Sunday Confessional: Like postsecret but with less angst and cut-up photos and christian guilt. I'll go first.

[More:]

I'm a dude and I wear a girdle. Not all the time, just sometimes, mostly when I'm wearing suits. I gained 15 pounds a while back and now all my expertly tailored jackets don't fit right. So until I get those pounds off, on goes the girdle. A man's gotta have clean lines, no?
With all my years on Plastic, Metafilter and here, I don't think I have any secrets left to tell, but if I think of one, I'll add it.
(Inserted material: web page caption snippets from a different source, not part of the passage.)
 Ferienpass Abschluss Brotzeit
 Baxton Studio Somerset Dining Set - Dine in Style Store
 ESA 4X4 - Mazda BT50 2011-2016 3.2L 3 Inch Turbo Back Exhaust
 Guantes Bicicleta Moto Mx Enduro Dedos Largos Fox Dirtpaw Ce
posted by Ardiril 07 June | 12:01
I tend to ask my husband to do things that I could easily do myself. I'm always asking him to put the kids to bed, answer the door, check on the dog, turn the alarm off, pass the remote, etc. If the phone rings I've been known to have one of my kids fetch the cordless. I holler from room to room and order my husband to turn the air up, preheat the oven, or to bring me a towel.
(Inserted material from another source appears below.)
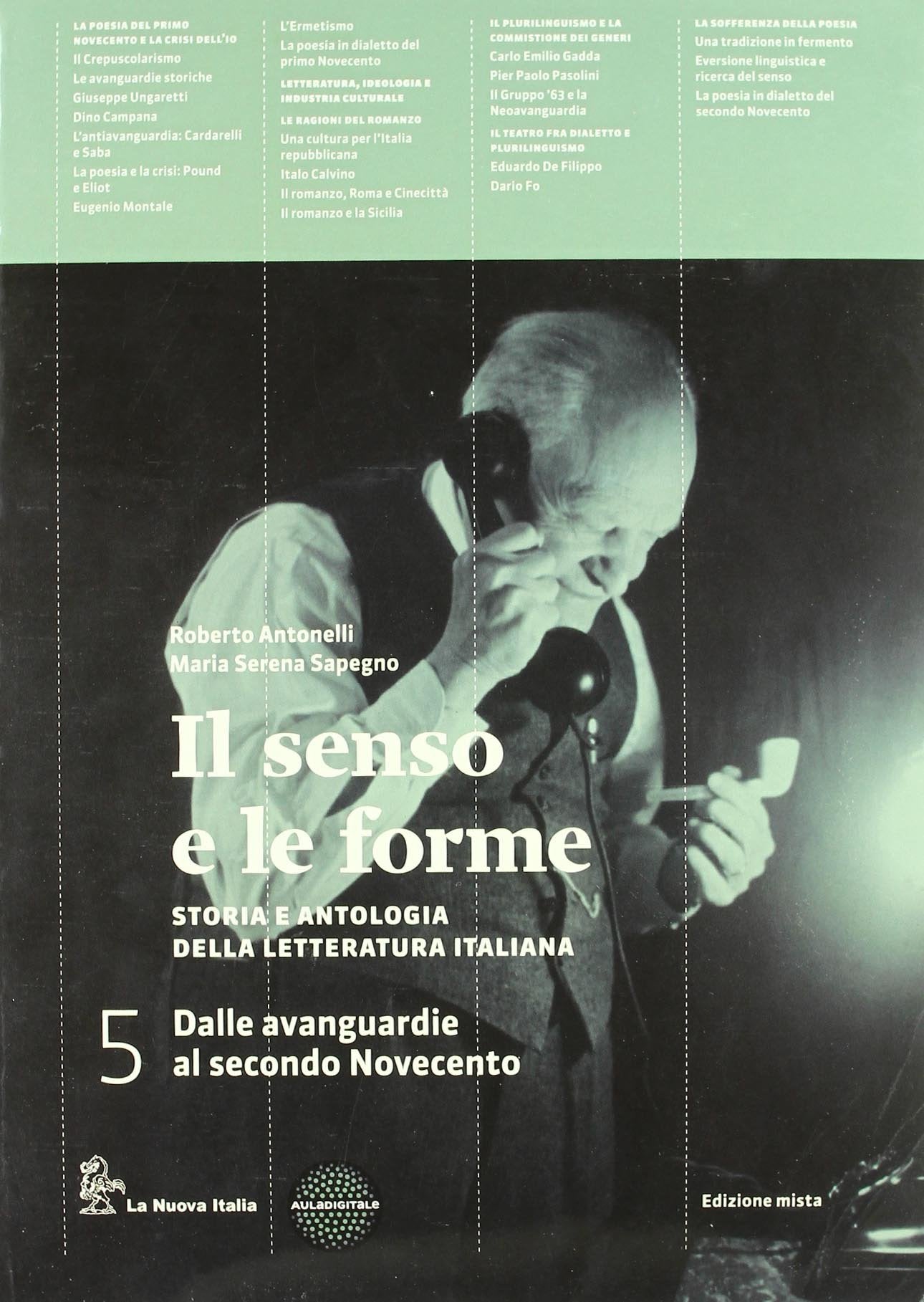 Il senso e le forme. Per le Scuole superiori. Con espansione online (Vol. 5) Professional & Reference Books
posted by LoriFLA 07 June | 12:49
I'm hopelessly smitten with young Ralph Nader; tall, lanky, and a seriously great face.
posted by birdie 07 June | 13:35
I feel guilty about hating my mother and how she will bend over backwards to please her husband one minute and will fuss at him the next. Plus, she tries to be the perfect little homemaker and I feel a bit guilty about it because I've been feeling a sense of pride in making my place all homey and cooking and all that.
posted by sperose 07 June | 14:31
Oh, damn. I was thinking of starting a confessional thread. Anyway, my confession:

I never looked at a manga till last week when I found a few in a $1 used bin at the bookstore, so I took a few home. Now I am hopelessly into Chobits. I only got volume 1 for a dollar, so I'll be stuck buying the rest for list price or snagging them off ebay. I've now watched the anime of the series, but I get the impression that the manga explains things a bit more completely. Who can afford to get into a manga series that runs 10 or 20 volumes at $10 a pop? Not me, anyway. I guess it's good that Chobits is only 8 volumes.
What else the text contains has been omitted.